● RECORD EXCERPTS:
· · · · · · ·

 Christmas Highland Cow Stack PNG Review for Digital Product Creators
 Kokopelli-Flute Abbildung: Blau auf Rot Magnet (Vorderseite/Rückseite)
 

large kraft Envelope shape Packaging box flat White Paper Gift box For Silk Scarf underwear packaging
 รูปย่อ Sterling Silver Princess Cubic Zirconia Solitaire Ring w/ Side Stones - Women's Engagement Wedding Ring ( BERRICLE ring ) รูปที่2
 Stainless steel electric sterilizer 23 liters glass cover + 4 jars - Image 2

· · · · · · ·

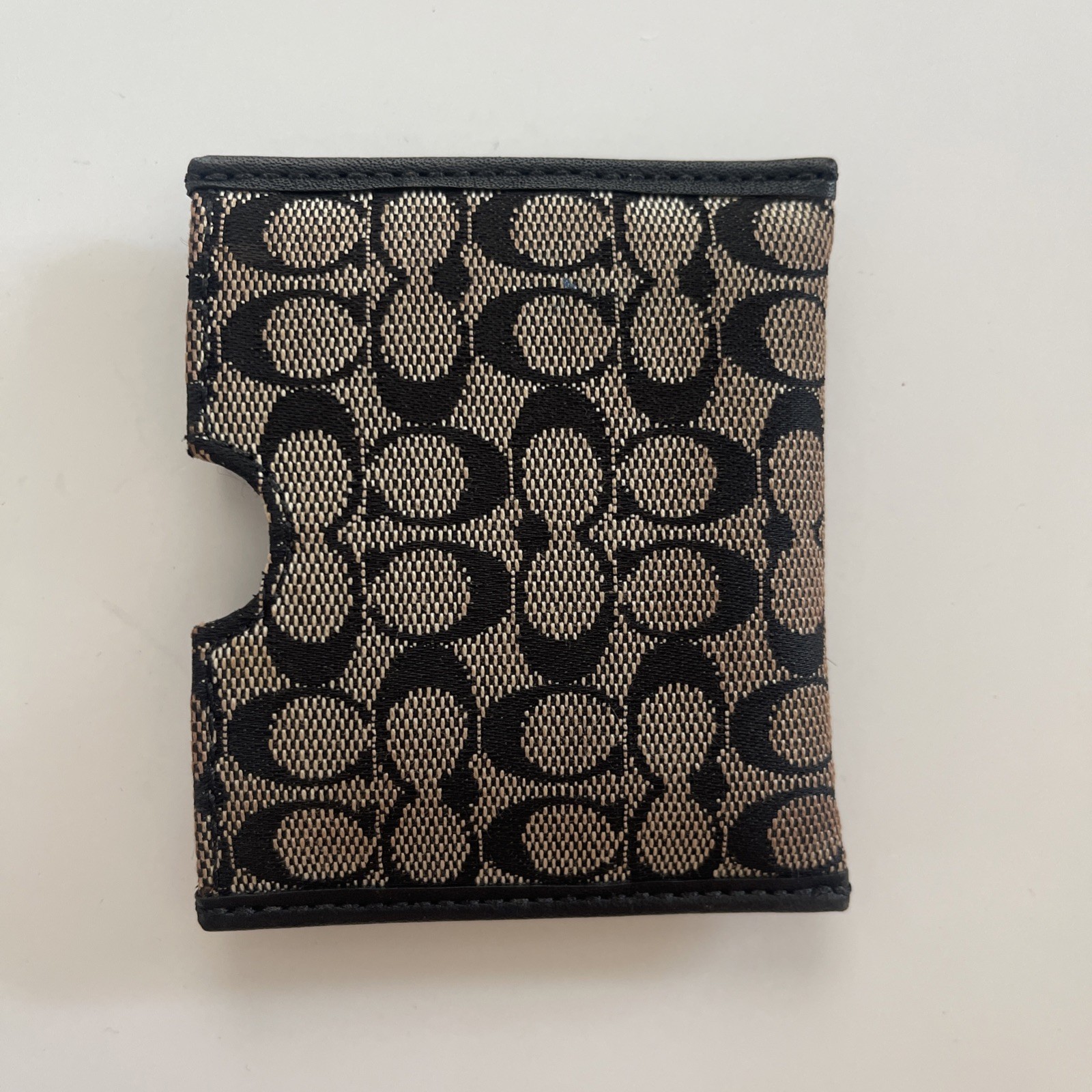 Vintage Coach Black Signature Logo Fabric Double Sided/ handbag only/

· · · · · · ·

Within the data above, the span starting at the line containing "Kokopelli-Flute Abbildung: Blau" and ending at the line containing "Stainless steel electric" is to be retyped exactly, with no other lines.

● SOLUTION TO THIS TASK:
 Kokopelli-Flute Abbildung: Blau auf Rot Magnet (Vorderseite/Rückseite)
 

large kraft Envelope shape Packaging box flat White Paper Gift box For Silk Scarf underwear packaging
 รูปย่อ Sterling Silver Princess Cubic Zirconia Solitaire Ring w/ Side Stones - Women's Engagement Wedding Ring ( BERRICLE ring ) รูปที่2
 Stainless steel electric sterilizer 23 liters glass cover + 4 jars - Image 2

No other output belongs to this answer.